PROVIDED DATA:

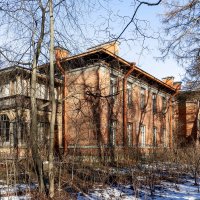 Жизнь на природе :: Евгений 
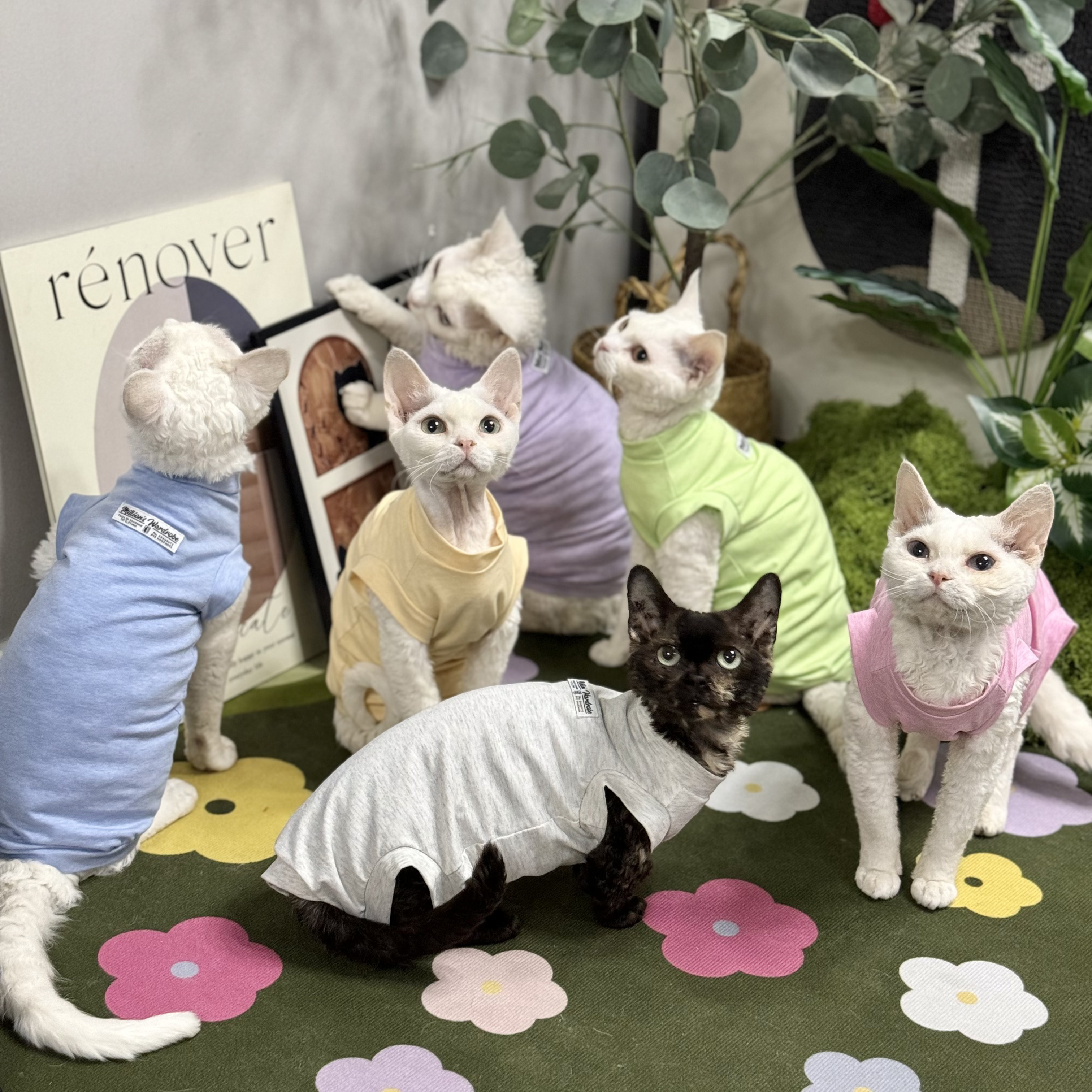 德文猫衣服棉夏季薄款冰凉感非常透气柔软弹力无毛猫斯芬克斯衣服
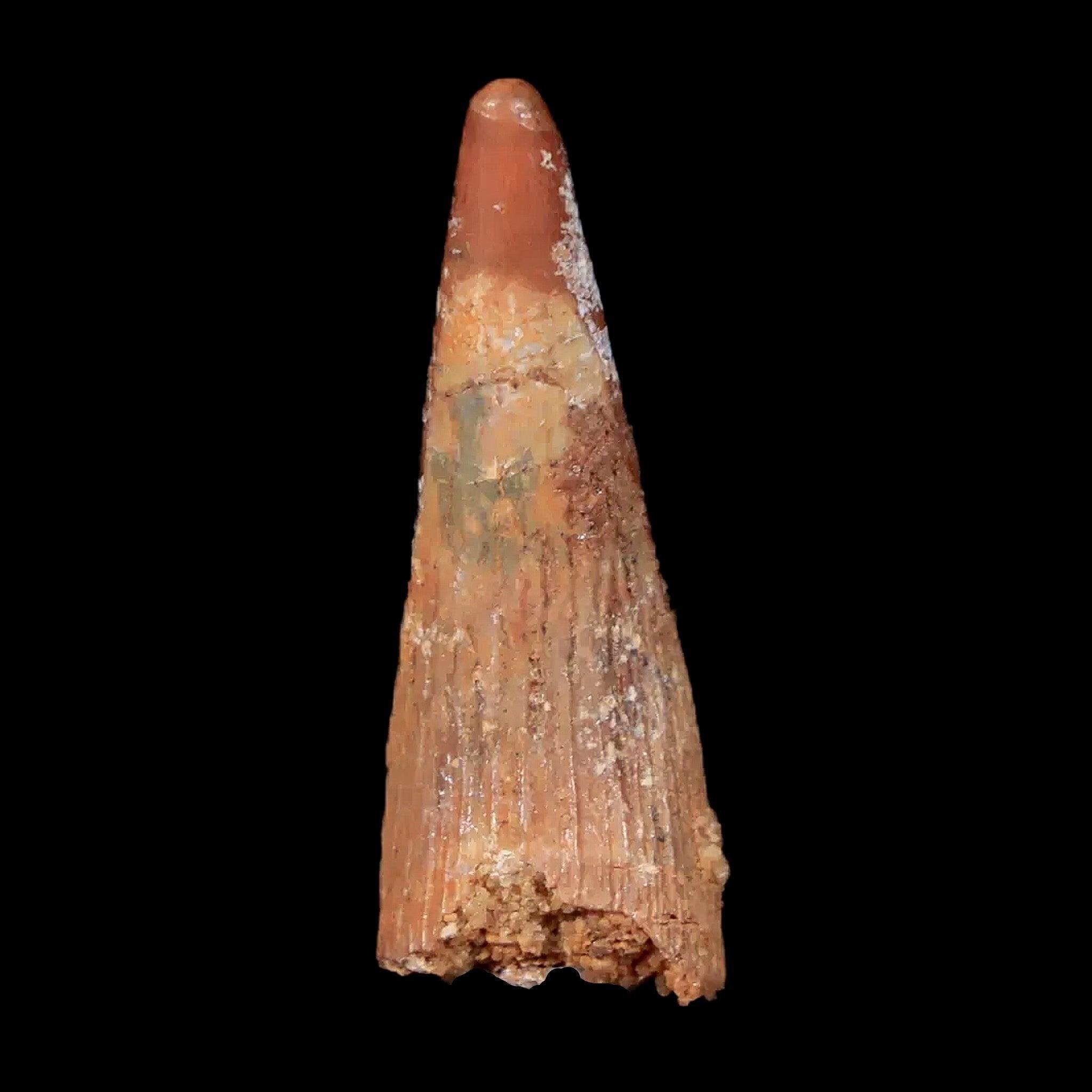 Authentic Pterosaur Coloborhynchus Fossil Tooth - Upper Cretaceous Era - Morocco Origin - Includes COA & Display Case - Perfect for Paleontology Collectors & Dinosaur Enthusiasts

WORK TASK:
Please repeat the lines that run from the one holding "德文猫衣服棉夏季薄款冰凉感非常透气柔软弹力无毛猫斯芬克斯衣服" to the last line of the material, both included, exactly and without pictures.

PROBLEM SOLUTION:
 德文猫衣服棉夏季薄款冰凉感非常透气柔软弹力无毛猫斯芬克斯衣服
 Authentic Pterosaur Coloborhynchus Fossil Tooth - Upper Cretaceous Era - Morocco Origin - Includes COA & Display Case - Perfect for Paleontology Collectors & Dinosaur Enthusiasts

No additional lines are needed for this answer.